Deploying Policies to Edges

Shield never talks to the management plane. Its configuration is files in a watched directory, and the delivery chain is: the controller renders a project's policies into one bundle, the edge agent (elchi-client) lands the files atomically, and Shield's own watcher hot-reloads them. This page walks that chain end to end.

Config is files-only

The management plane distributes configuration only — there is no per-update API call to Shield. elchi-client writes files into /etc/elchi/elchi-shield/conf.d; Shield self-watches the directory (fsnotify + debounce) and hot-reloads atomically. Shield is never restarted for a config change, and an invalid config never affects live traffic — the last-good snapshot stays active. See How Shield Works.

One project, one bundle

All of a project's Shield policies are merged into a single full-sync bundle — the complete desired state every edge mirrors. Each policy contributes its generated config file (e.g. api-public.yaml) plus any data files; file paths must be unique across the project's policies (collisions are rejected at save time).
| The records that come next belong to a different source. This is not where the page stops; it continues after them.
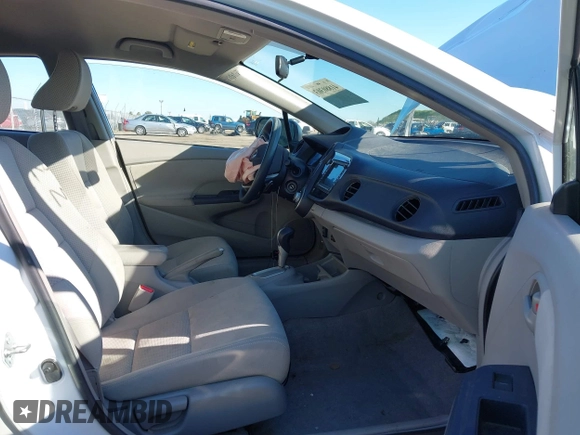 2010 Honda Insight EX with VIN JHMZE2H79AS039292, listed as a IAAI auction lot 41880303 with Not Provided miles and . Bid and sale history available at DreamBid. Image 5.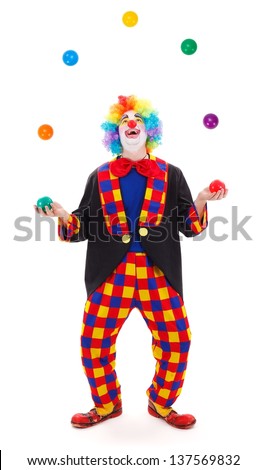 Funny clown juggling with colorful balls Royalty-Free Stock Photo #137569832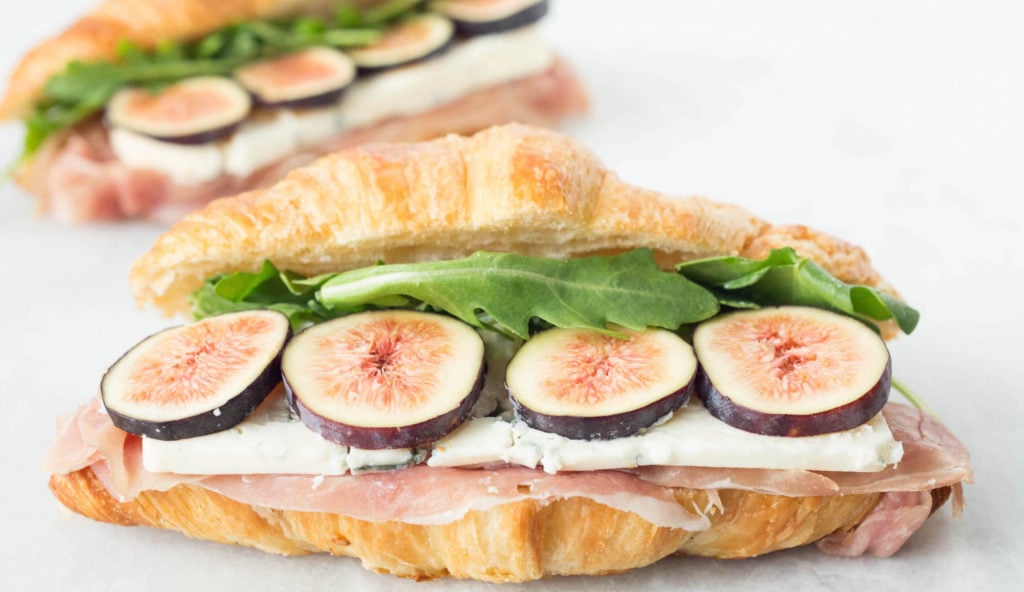 A croissant sandwich featuring prosciutto, blue cheese, sliced figs and arugula sits on a white background. Another fig sandwich is out of focus behind it.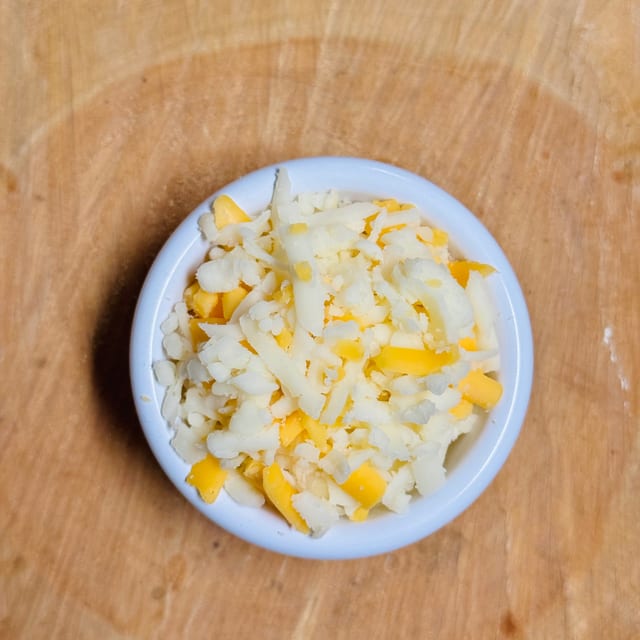 Side of shredded cheese.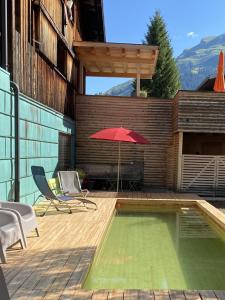 a red umbrella sitting on top of a building at Lenai & Linai Apartments in Lech am Arlberg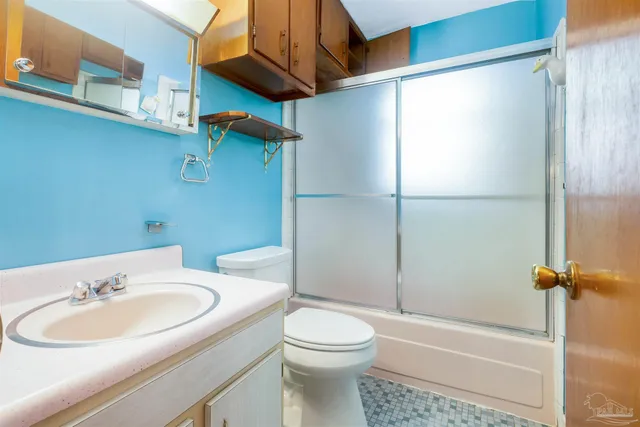 a view of a big room with an empty room and a window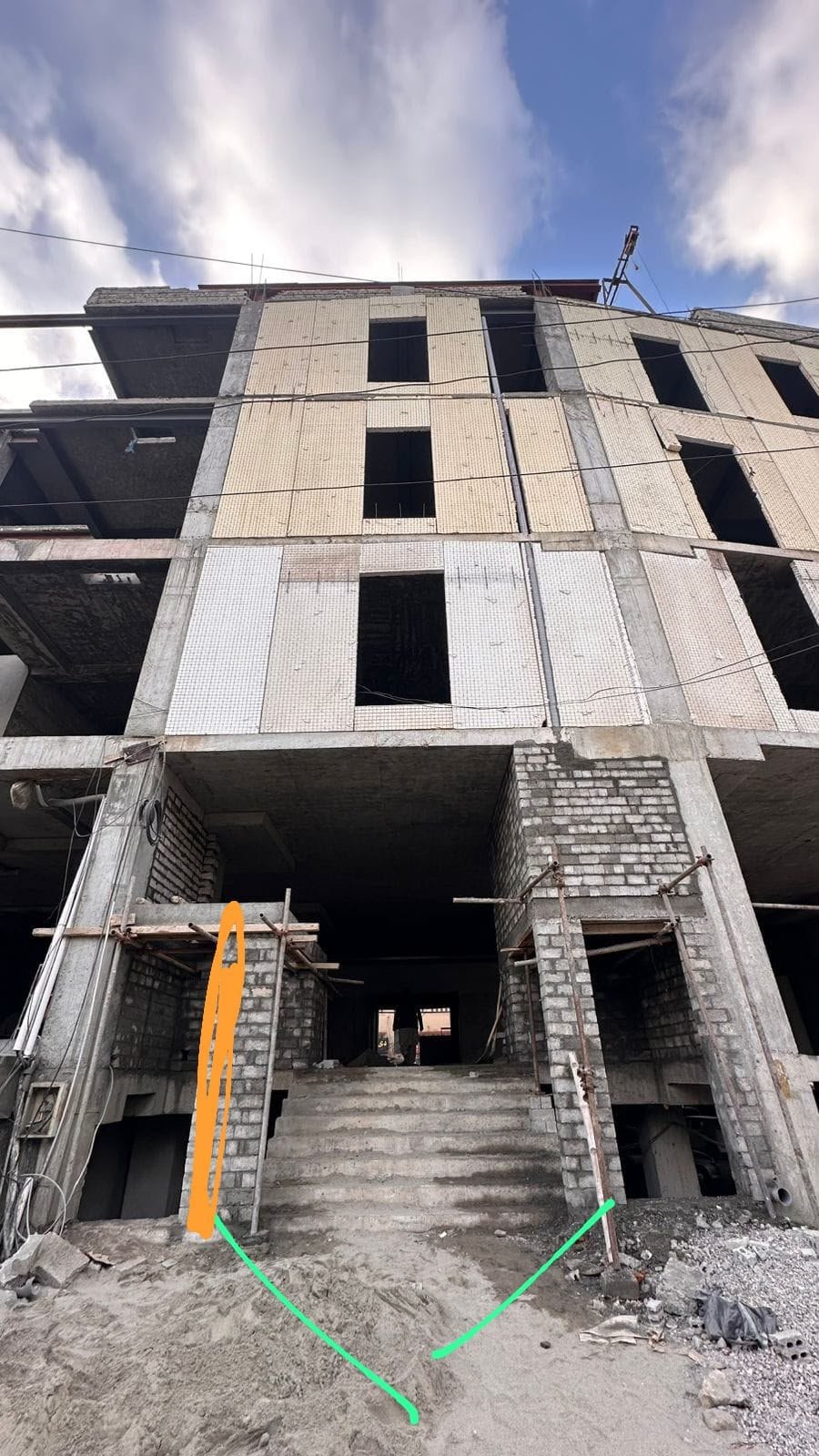 Ali Centre building shell with tiled facade panels and entrance stairs under construction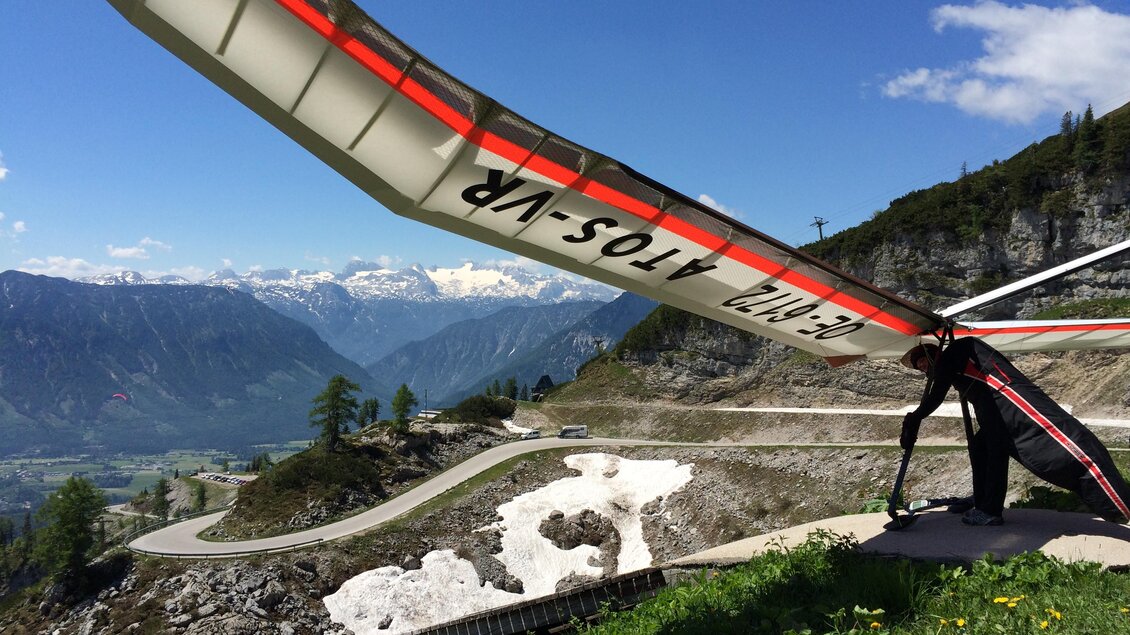 Ein Gleitschirmflieger bereitet sich auf den Abflug vom Loser in Altaussee vor. Die Landschaft mit Bergen und Almwiesen unter blauem Himmel ist atemberaubend. Im Hintergrund ist der schneebedeckte Dachstein zu sehen. | © Loser Bergbahnen/M. Raich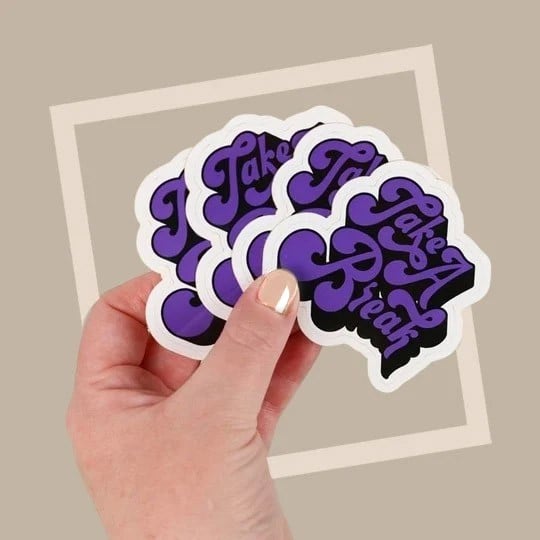 Custom Die Cut Stickers in hand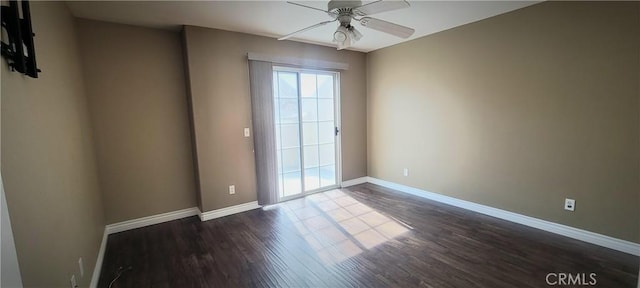 spare room featuring dark wood-style floors, a ceiling fan, and baseboards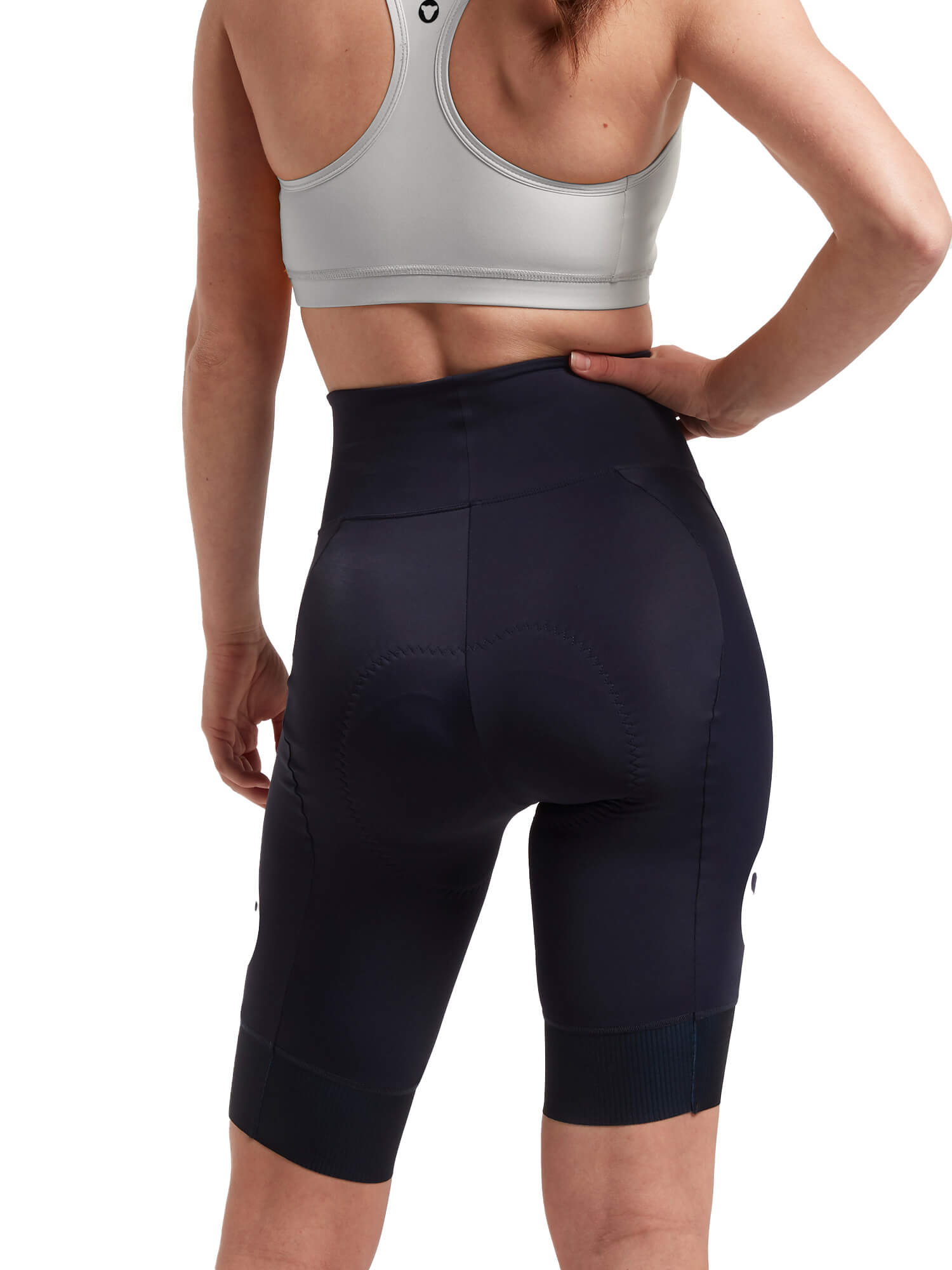 Woman wearing Black Sheep Cycling Essentials TEAM Shorts - Women shown from back in fitted black cycling shorts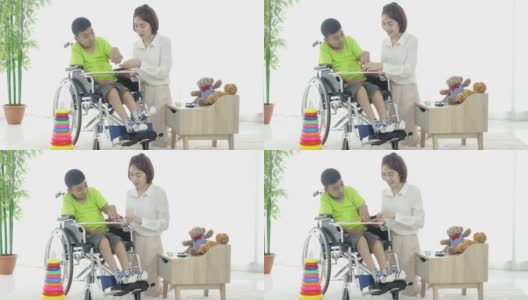 妇女志愿者和脑瘫残疾男孩在残疾人庇护所玩教育游戏高清在线视频素材下载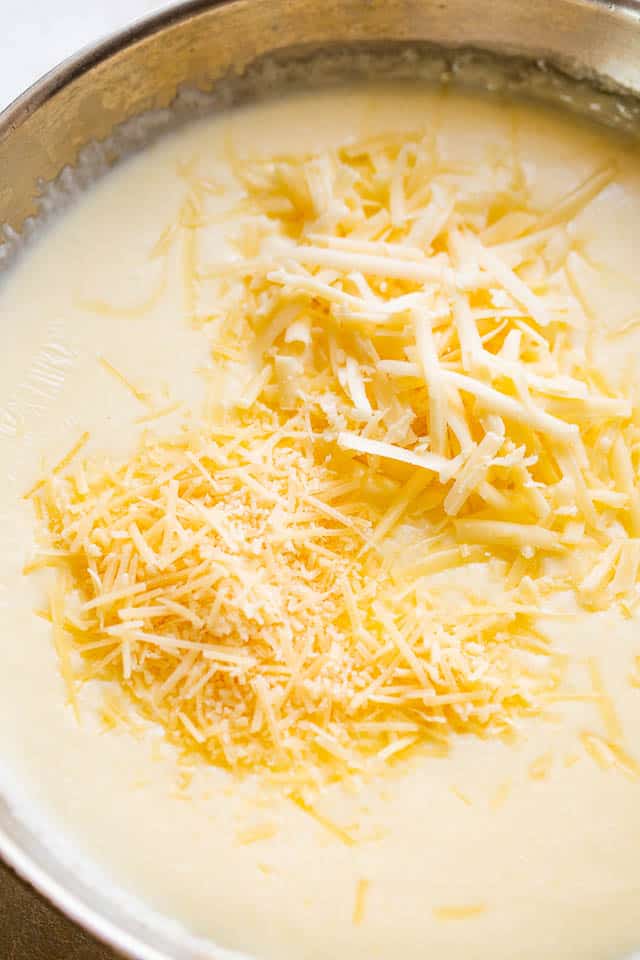 preparing cheese sauce in a skillet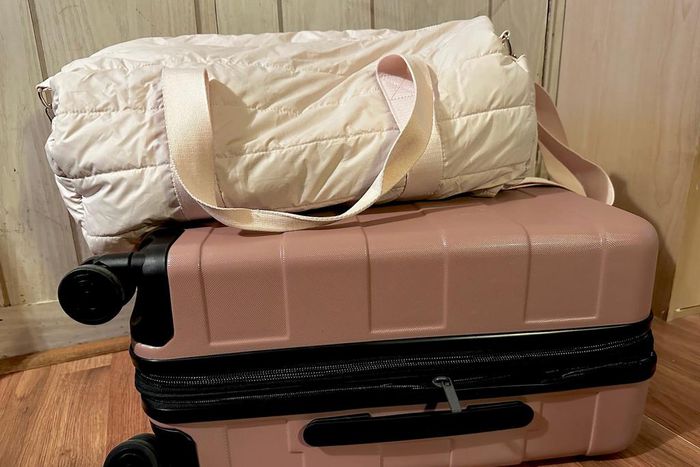 I recently ditched this duffel bag in favor of the pink roller suitcase beneath it.Amanda Krause/Insider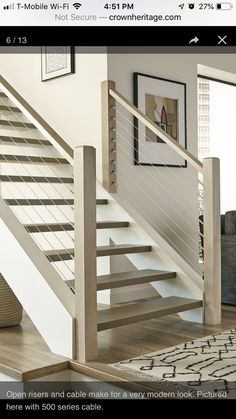 a white stair case in a living room next to a rug and pictures on the wall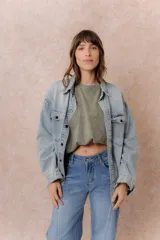 Camisa de jean de calce relajado y lavado claro con efecto vintage. Presenta cuello clásico, cierre frontal con broches metálicos, mangas largas con puños y dos bolsillos con tapa en el frente.
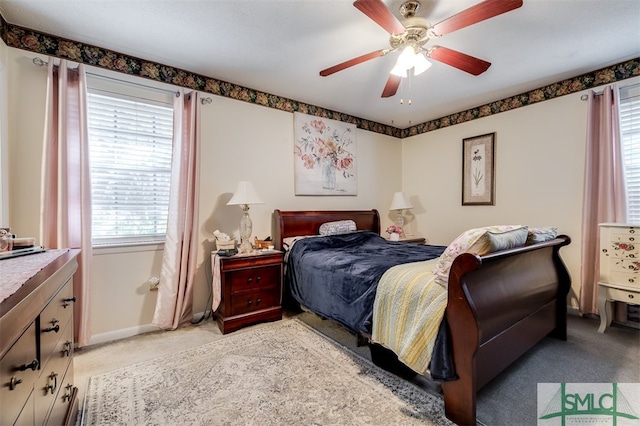 bedroom featuring light carpet and ceiling fan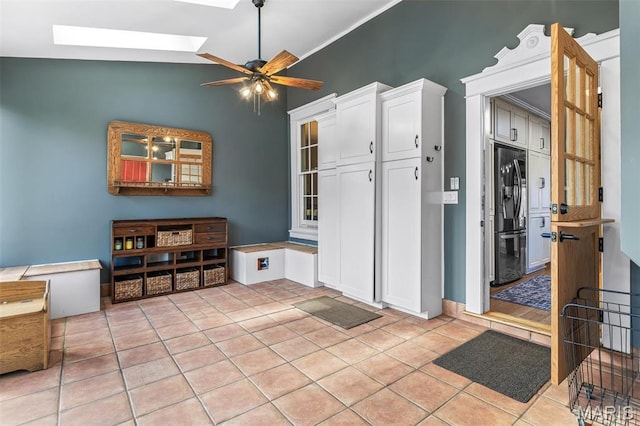 505 Thompson Ln, Arcadia, MO 63621 - interior space featuring ceiling fan, a skylight, light tile patterned floors, and vaulted ceiling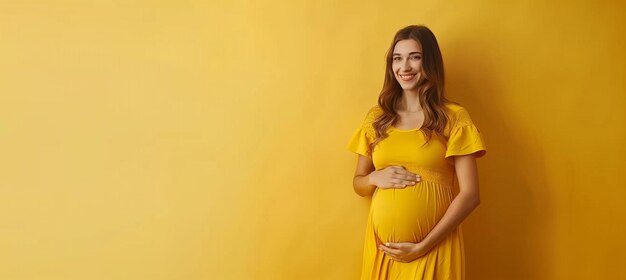 Photo une belle femme caucasienne enceinte en robe jaune tenant les mains sur le ventre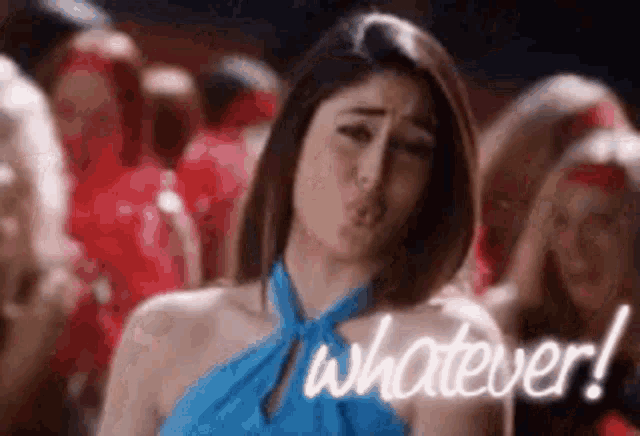 a woman in a blue dress is blowing a kiss while standing in front of a crowd .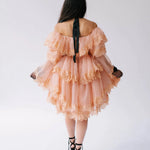 Back view of the Midnight Symphony Mini Gown showcasing tiered lace ruffles and a black ribbon halter tie in pumpkin milk organza.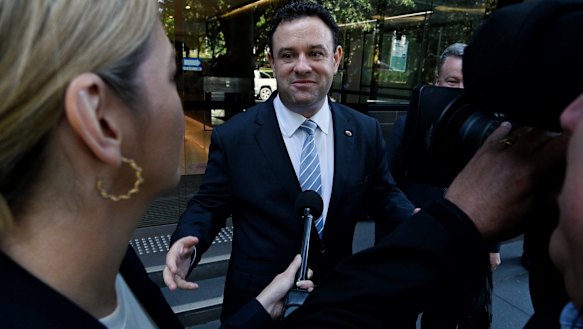 NSW Deputy Liberal Leader and Minister for jobs Stuart Ayres (centre) leaves ICAC.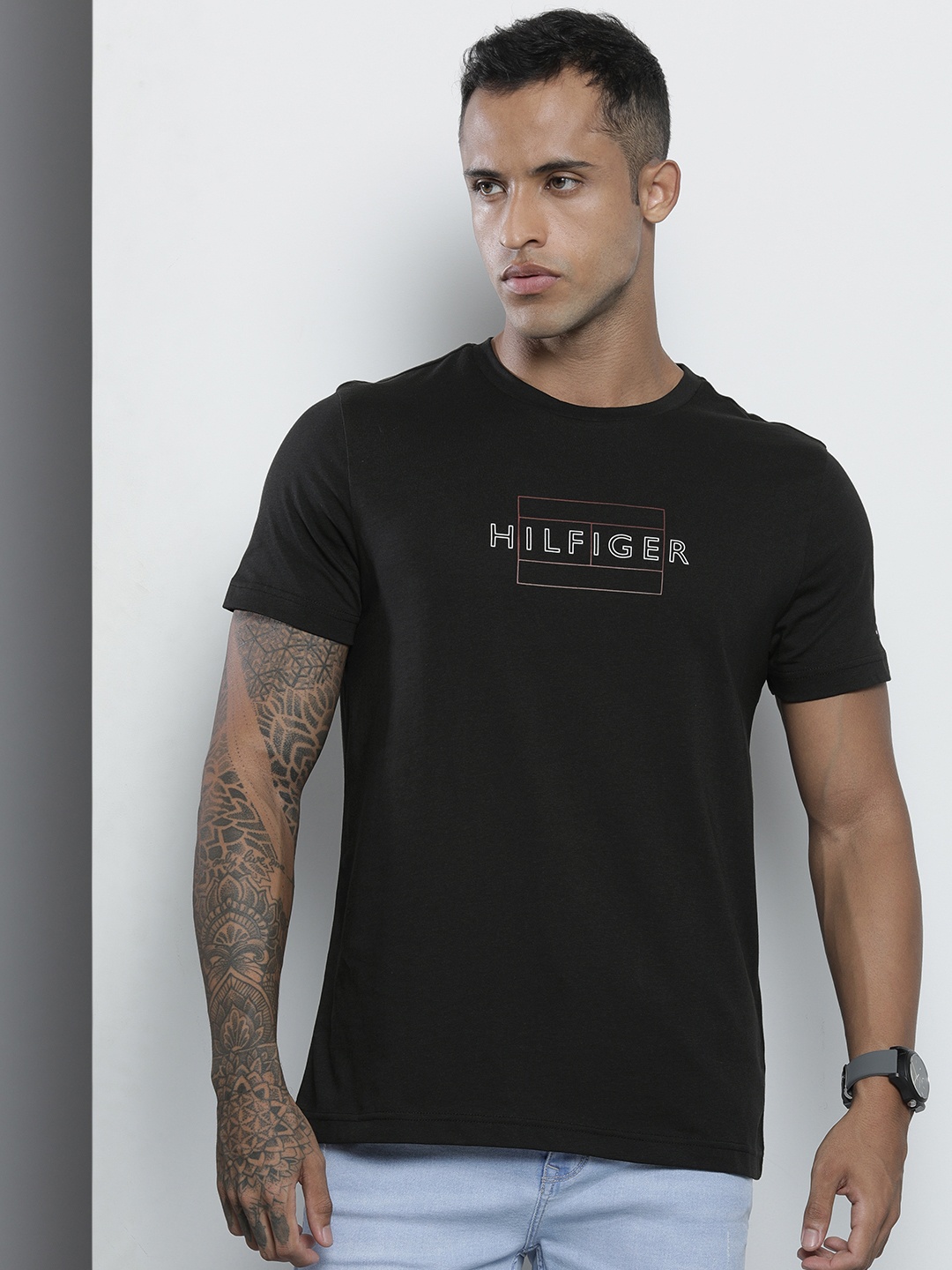 

Tommy Hilfiger Men Black Brand Logo Print Round Neck Organic Cotton Slim Fit T-shirt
The bundle version is a deterministic digest of the merged content, so the edge's active config version changes if — and only if — the content does.

Deploys are automatic and asynchronous:

  • Create / Save / Delete in the Policy Editor queues a SHIELD_DEPLOY background job that pushes the merged bundle to every connected edge in the project. The UI toast links to the job's per-client results (applied version, reload confirmation, precise config errors). If a deploy for the project is already queued, the change is deduplicated into it.
  • Reconnect — when an edge comes (back) online, a connect-triggered deploy brings that one client up to the project's desired state, so edges that were offline during a change heal automatically.
  • Sync — the button on the policy list re-pushes the project's merged policy set to all connected edges on demand (e.g. after recovering an edge, or to force convergence).

Deleting the last policy

Deleting policies re-deploys the remaining set. Deleting the last policy does not leave an empty directory behind — the controller pushes an explicit "inspection off" clear config: a valid zero-domain policy with mode: "off" as the default. Shield loads it (the active version changes, so the reload confirms honestly) and inspection genuinely stops. Running Sync on a project with zero policies pushes the same clear config, and the UI asks for confirmation first.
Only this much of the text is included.